Re: searchWithFilter bug?

Posted by Simon Willnauer <si...@googlemail.com>.
Peter, which filter do you use, do you respect the IndexReaders
maxDoc() and the docBase?

simon

On Fri, Dec 4, 2009 at 4:47 PM, Peter Keegan <pe...@gmail.com> wrote:
> I think the Filter's docIdSetIterator is using the top level reader for each
> segment, because the cardinality of the DocIdSet from which it's created is
> the same for all readers (and what I expect to see at the top level.
>
> Peter
>
> On Fri, Dec 4, 2009 at 10:38 AM, Michael McCandless <
> lucene@mikemccandless.com> wrote:
>
>> That doesn't sound good.
>>
>> Though, in searchWithFilter, we seem to ask for the Query's scorer,
>> and the Filter's docIdSetIterator, using the same reader (which may be
>> toplevel, for the legacy case, or per-segment, for the normal case).
>> So I'm not [yet] seeing where the issue is...
>>
>> Can you boil it down to a smallish test case?
>>
>> Mike
>>
>> On Fri, Dec 4, 2009 at 10:32 AM, Peter Keegan <pe...@gmail.com>
>> wrote:
>> > I'm having a problem with 'searchWithFilter' on Lucene 2.9.1. The Filter
>> > wraps a simple BitSet. When doing a 'MatchAllDocs' query with this
>> filter, I
>> > get only a subset of the expected results, even accounting for deletes.
>> The
>> > index has 10 segments. In IndexSearcher->searchWithFilter, it looks like
>> the
>> > scorer is advancing to the filter's docId, which is the index-wide value,
>> > but the scorer is using the segment-relative value.

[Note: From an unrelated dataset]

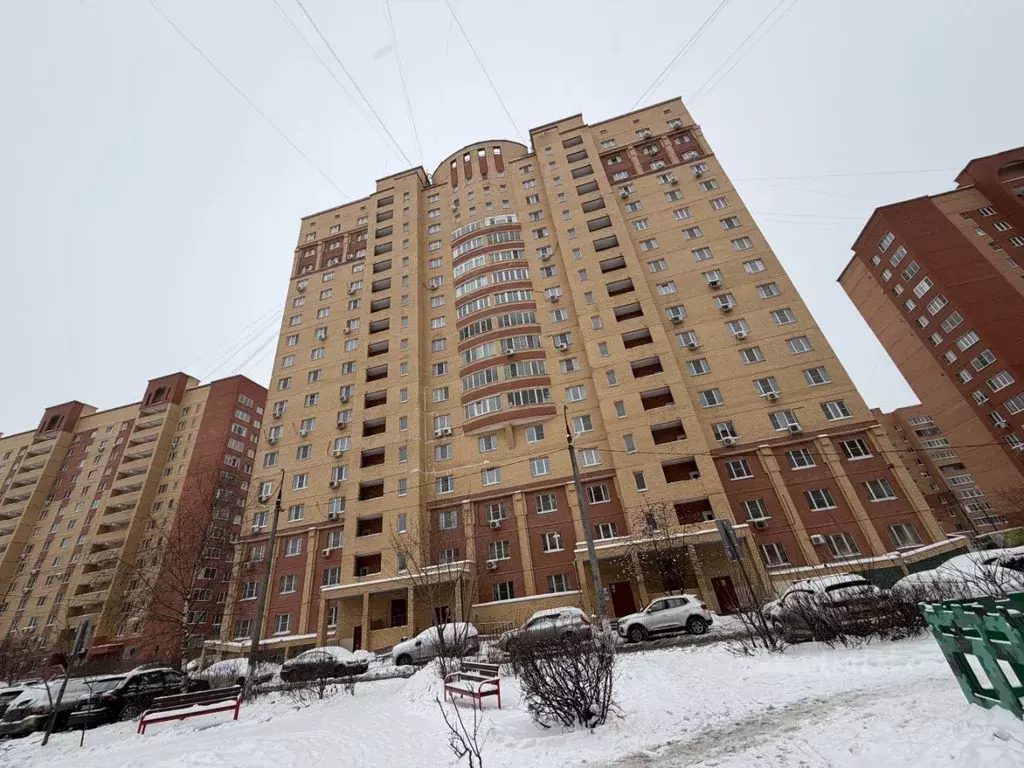 2-к кв. Московская область, Раменское Дергаевская ул., 30 (75.0 м) - Фото 1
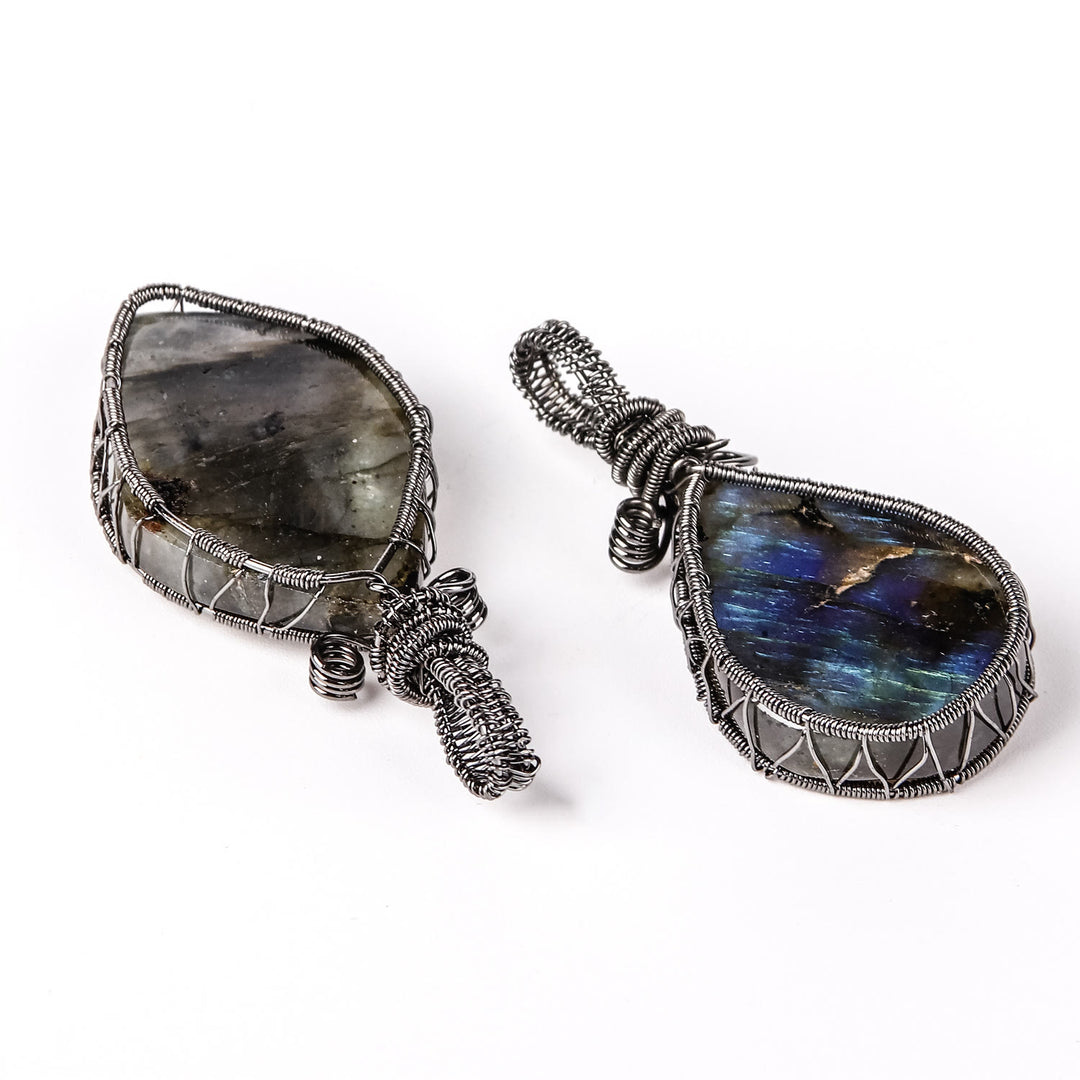 Olivenorma Natural Labradorite Amorphous Bound Wire Pendant Necklace - image 2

If I optimize the
>> index,
>> > I get the expected results.
>> > Does this look like a bug?
>> >
>> > Peter
>> >
>>
>> ---------------------------------------------------------------------
>> To unsubscribe, e-mail: java-user-unsubscribe@lucene.apache.org
>> For additional commands, e-mail: java-user-help@lucene.apache.org
>>
>>
>

---------------------------------------------------------------------
To unsubscribe, e-mail: java-user-unsubscribe@lucene.apache.org
For additional commands, e-mail: java-user-help@lucene.apache.org


Re: searchWithFilter bug?

Posted by Peter Keegan <pe...@gmail.com>.
I think the Filter's docIdSetIterator is using the top level reader for each
segment, because the cardinality of the DocIdSet from which it's created is
the same for all readers (and what I expect to see at the top level.

Peter

On Fri, Dec 4, 2009 at 10:38 AM, Michael McCandless <
lucene@mikemccandless.com> wrote:

> That doesn't sound good.
>
> Though, in searchWithFilter, we seem to ask for the Query's scorer,
> and the Filter's docIdSetIterator, using the same reader (which may be
> toplevel, for the legacy case, or per-segment, for the normal case).
> So I'm not [yet] seeing where the issue is...
>
> Can you boil it down to a smallish test case?
>
> Mike
>
> On Fri, Dec 4, 2009 at 10:32 AM, Peter Keegan <pe...@gmail.com>
> wrote:
> > I'm having a problem with 'searchWithFilter' on Lucene 2.9.1. The Filter
> > wraps a simple BitSet. When doing a 'MatchAllDocs' query with this
> filter, I
> > get only a subset of the expected results, even accounting for deletes.
> The
> > index has 10 segments. In IndexSearcher->searchWithFilter, it looks like
> the
> > scorer is advancing to the filter's docId, which is the index-wide value,
> > but the scorer is using the segment-relative value. If I optimize the
> index,
> > I get the expected results.
> > Does this look like a bug?
> >
> > Peter
> >
>
> ---------------------------------------------------------------------
> To unsubscribe, e-mail: java-user-unsubscribe@lucene.apache.org
> For additional commands, e-mail: java-user-help@lucene.apache.org
>
>

Re: searchWithFilter bug?

Posted by Michael McCandless <lu...@mikemccandless.com>.
That doesn't sound good.

Though, in searchWithFilter, we seem to ask for the Query's scorer,
and the Filter's docIdSetIterator, using the same reader (which may be
toplevel, for the legacy case, or per-segment, for the normal case).
So I'm not [yet] seeing where the issue is...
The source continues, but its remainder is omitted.